§ REQUIRED WORK
Output the data below only from the line containing "Photo 2 of Garage" up to and including the line containing "Ferienhaus Primrose", exact and with the pictures left out.

§ LISTED RECORDS
---

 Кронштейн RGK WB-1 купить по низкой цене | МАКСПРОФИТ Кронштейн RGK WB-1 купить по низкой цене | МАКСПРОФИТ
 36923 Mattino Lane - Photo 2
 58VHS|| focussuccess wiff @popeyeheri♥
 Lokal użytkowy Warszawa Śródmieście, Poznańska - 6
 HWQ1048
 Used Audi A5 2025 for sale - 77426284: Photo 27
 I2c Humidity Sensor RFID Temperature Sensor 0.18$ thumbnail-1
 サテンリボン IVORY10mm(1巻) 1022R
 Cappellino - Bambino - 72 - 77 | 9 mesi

---

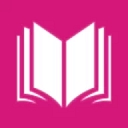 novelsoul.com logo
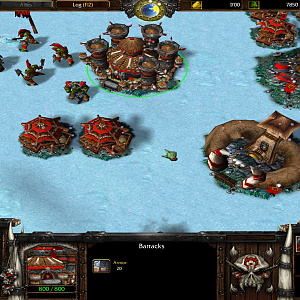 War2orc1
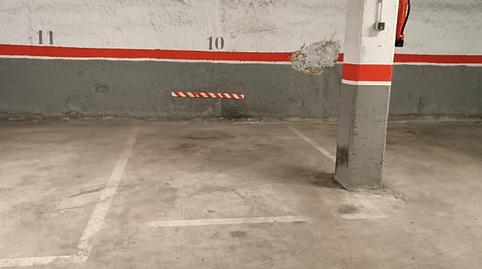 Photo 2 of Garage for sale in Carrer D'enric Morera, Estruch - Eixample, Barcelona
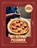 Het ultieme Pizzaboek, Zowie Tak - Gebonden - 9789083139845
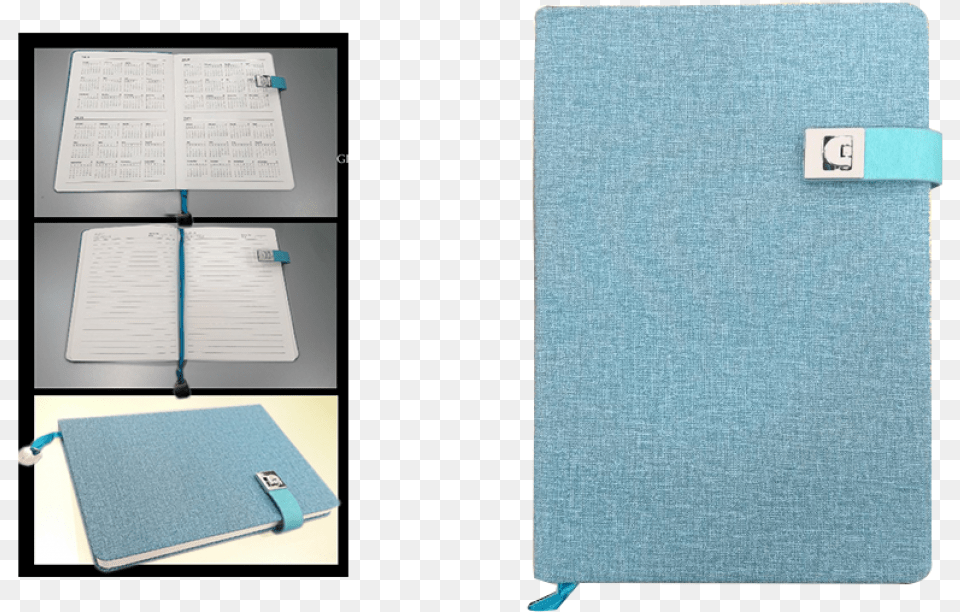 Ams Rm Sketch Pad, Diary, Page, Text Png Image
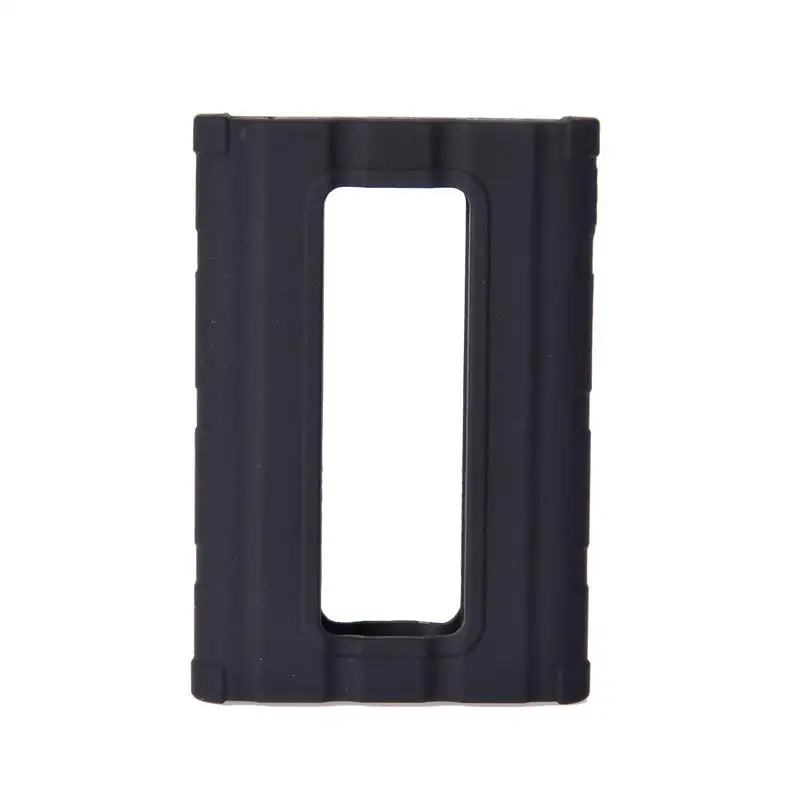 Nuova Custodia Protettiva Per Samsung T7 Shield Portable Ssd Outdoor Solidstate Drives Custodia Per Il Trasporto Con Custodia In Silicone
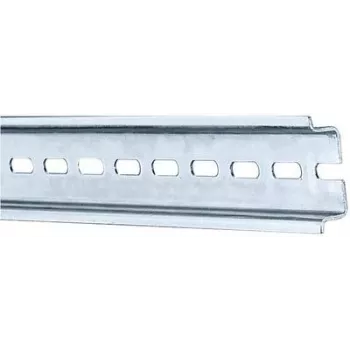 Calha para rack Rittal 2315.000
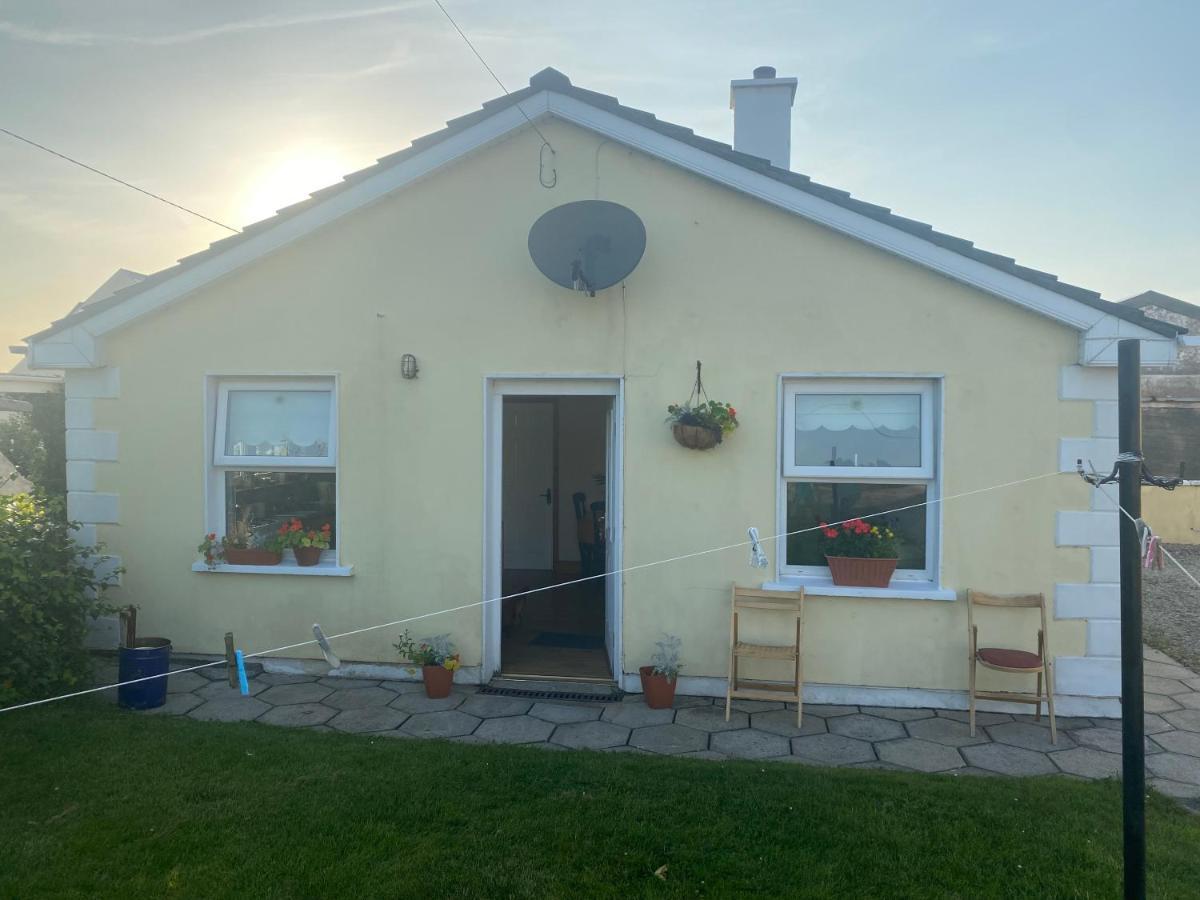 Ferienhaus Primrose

---

§ WRITTEN REPLY
 Photo 2 of Garage for sale in Carrer D'enric Morera, Estruch - Eixample, Barcelona
 Het ultieme Pizzaboek, Zowie Tak - Gebonden - 9789083139845
 Ams Rm Sketch Pad, Diary, Page, Text Png Image
 Nuova Custodia Protettiva Per Samsung T7 Shield Portable Ssd Outdoor Solidstate Drives Custodia Per Il Trasporto Con Custodia In Silicone
 Calha para rack Rittal 2315.000
 Ferienhaus Primrose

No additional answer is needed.